** DIRECTIONS FOR THIS TASK **
Nothing below is to be printed except the lines between the line holding "JAKARLI LOOSE FIT BİSİKLET YAKA KAZAK" and the line holding "Homemade Tomato Pasta", inclusive, each exactly as it appears.

··· RECORDED INFORMATION

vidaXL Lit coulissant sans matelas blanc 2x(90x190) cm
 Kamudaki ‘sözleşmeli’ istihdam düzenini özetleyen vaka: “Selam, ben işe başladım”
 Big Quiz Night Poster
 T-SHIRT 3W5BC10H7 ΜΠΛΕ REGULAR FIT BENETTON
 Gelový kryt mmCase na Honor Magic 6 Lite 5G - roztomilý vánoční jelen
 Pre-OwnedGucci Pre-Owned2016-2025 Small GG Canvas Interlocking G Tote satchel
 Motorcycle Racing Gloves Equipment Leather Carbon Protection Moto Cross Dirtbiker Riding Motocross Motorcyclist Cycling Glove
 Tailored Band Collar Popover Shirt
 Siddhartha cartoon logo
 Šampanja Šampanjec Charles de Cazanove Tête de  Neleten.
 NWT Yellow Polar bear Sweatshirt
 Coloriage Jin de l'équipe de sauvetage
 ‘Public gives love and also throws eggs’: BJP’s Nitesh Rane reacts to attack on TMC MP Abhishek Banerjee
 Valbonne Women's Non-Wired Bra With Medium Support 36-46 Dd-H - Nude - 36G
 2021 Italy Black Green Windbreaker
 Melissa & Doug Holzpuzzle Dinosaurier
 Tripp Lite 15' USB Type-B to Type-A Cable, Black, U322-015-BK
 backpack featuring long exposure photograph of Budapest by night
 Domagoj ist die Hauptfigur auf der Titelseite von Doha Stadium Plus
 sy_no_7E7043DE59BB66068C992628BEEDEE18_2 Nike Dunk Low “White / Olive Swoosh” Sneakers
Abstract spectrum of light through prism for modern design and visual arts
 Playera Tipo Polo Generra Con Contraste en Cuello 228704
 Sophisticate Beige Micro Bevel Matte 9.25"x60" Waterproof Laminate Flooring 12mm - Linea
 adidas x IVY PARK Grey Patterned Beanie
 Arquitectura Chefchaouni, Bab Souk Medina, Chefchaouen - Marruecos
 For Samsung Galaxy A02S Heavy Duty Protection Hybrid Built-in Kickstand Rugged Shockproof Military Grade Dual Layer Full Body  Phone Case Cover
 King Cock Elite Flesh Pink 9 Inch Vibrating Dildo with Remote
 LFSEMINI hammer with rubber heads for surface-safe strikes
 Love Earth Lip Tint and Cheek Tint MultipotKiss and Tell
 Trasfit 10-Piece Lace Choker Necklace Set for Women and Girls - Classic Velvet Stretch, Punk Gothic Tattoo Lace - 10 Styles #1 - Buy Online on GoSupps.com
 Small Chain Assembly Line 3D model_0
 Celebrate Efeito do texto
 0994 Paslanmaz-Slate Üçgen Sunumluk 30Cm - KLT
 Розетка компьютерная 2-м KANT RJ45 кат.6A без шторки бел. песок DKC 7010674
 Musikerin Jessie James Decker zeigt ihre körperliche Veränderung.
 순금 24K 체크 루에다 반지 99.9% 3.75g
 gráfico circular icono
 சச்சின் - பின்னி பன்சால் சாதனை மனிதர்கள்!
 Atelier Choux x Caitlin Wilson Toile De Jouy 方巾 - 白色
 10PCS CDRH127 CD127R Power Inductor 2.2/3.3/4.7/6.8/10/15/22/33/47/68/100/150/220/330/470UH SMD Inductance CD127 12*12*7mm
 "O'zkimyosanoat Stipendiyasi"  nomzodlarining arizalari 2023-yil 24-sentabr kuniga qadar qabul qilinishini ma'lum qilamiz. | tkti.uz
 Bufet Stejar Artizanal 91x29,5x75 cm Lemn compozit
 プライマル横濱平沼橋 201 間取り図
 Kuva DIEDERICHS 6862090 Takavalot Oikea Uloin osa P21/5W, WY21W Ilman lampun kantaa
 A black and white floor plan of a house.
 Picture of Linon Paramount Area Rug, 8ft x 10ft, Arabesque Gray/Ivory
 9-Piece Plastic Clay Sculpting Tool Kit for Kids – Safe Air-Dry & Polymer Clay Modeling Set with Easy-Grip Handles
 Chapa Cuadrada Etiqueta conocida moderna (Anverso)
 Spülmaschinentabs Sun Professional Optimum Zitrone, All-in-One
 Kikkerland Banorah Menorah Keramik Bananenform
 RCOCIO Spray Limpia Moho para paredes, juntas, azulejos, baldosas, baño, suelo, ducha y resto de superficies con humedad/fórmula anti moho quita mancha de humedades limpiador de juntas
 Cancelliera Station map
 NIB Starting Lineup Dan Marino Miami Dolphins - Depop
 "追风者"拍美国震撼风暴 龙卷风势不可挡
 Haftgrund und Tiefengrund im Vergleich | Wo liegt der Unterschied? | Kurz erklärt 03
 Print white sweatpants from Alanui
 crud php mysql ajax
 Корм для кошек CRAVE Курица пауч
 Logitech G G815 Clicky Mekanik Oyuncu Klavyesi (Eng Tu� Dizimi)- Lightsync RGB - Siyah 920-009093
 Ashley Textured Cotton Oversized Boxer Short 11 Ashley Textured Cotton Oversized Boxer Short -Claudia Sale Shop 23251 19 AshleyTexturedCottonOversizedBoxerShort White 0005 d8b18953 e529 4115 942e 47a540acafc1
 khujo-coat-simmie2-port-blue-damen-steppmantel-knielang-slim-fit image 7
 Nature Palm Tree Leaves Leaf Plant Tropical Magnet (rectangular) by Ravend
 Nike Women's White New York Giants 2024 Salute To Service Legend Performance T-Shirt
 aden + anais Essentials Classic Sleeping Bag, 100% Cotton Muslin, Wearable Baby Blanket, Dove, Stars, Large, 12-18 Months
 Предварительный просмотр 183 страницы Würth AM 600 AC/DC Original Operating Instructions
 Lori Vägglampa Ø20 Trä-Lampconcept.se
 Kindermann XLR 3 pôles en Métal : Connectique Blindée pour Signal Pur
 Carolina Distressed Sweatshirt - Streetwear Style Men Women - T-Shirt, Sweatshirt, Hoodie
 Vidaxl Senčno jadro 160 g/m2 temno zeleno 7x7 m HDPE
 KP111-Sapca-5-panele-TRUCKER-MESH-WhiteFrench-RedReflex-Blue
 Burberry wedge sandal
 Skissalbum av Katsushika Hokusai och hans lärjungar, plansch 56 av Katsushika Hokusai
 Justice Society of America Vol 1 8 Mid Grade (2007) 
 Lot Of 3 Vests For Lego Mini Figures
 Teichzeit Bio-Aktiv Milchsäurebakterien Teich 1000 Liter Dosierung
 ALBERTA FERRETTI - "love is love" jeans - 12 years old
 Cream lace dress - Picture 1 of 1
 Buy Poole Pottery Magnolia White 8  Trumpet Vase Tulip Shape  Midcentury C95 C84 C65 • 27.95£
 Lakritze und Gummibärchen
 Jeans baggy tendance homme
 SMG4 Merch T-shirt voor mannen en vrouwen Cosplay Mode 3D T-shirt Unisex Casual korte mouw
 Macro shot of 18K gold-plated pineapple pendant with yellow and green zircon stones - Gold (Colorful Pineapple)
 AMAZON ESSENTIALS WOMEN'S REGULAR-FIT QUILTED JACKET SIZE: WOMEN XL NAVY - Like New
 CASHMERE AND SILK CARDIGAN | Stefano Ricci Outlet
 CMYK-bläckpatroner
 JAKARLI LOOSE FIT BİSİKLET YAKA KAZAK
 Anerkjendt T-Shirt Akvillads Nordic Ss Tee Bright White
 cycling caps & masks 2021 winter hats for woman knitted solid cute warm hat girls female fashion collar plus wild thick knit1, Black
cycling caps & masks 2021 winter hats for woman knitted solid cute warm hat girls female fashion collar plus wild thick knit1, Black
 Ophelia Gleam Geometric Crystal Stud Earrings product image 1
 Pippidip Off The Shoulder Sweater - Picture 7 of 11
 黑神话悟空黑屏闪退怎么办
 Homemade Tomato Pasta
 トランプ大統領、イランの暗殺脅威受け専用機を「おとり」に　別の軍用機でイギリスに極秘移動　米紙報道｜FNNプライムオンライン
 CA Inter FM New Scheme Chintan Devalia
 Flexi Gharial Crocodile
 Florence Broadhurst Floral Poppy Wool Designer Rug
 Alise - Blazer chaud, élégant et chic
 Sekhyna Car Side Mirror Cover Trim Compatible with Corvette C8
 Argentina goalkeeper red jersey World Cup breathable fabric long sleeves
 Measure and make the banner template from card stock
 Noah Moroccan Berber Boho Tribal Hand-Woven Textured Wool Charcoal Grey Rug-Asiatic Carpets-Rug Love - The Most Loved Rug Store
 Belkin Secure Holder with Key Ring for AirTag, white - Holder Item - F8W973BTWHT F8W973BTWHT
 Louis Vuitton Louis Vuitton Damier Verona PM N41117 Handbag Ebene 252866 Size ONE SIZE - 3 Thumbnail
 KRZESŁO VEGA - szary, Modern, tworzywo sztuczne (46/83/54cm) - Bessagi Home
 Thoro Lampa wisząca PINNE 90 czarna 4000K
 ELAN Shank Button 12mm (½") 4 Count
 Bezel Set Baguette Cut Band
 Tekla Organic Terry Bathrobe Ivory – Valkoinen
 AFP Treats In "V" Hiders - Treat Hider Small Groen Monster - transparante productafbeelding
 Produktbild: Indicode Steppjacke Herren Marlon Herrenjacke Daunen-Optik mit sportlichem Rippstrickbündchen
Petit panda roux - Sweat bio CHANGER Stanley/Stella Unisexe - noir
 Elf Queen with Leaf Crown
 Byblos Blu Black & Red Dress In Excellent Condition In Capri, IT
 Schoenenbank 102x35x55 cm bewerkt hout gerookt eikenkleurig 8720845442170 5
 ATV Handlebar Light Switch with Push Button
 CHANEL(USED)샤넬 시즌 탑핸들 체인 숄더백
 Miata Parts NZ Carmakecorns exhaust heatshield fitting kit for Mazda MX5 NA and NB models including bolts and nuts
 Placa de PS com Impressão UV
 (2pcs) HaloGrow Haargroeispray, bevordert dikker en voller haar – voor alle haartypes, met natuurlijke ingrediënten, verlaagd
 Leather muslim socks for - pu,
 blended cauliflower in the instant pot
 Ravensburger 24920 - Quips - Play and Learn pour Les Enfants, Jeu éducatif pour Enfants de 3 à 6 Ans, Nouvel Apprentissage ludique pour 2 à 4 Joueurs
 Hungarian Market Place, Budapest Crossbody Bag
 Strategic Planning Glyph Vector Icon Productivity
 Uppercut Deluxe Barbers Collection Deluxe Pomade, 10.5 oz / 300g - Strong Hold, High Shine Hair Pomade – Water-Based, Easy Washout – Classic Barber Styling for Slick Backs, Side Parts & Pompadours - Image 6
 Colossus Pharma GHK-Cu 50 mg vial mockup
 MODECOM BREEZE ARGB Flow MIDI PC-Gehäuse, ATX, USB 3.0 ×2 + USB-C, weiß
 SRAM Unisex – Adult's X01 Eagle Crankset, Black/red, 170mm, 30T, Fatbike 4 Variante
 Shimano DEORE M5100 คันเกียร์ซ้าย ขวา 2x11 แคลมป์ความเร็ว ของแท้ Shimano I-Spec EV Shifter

······

** YOUR SOLUTION **
 JAKARLI LOOSE FIT BİSİKLET YAKA KAZAK
 Anerkjendt T-Shirt Akvillads Nordic Ss Tee Bright White
 cycling caps & masks 2021 winter hats for woman knitted solid cute warm hat girls female fashion collar plus wild thick knit1, Black
cycling caps & masks 2021 winter hats for woman knitted solid cute warm hat girls female fashion collar plus wild thick knit1, Black
 Ophelia Gleam Geometric Crystal Stud Earrings product image 1
 Pippidip Off The Shoulder Sweater - Picture 7 of 11
 黑神话悟空黑屏闪退怎么办
 Homemade Tomato Pasta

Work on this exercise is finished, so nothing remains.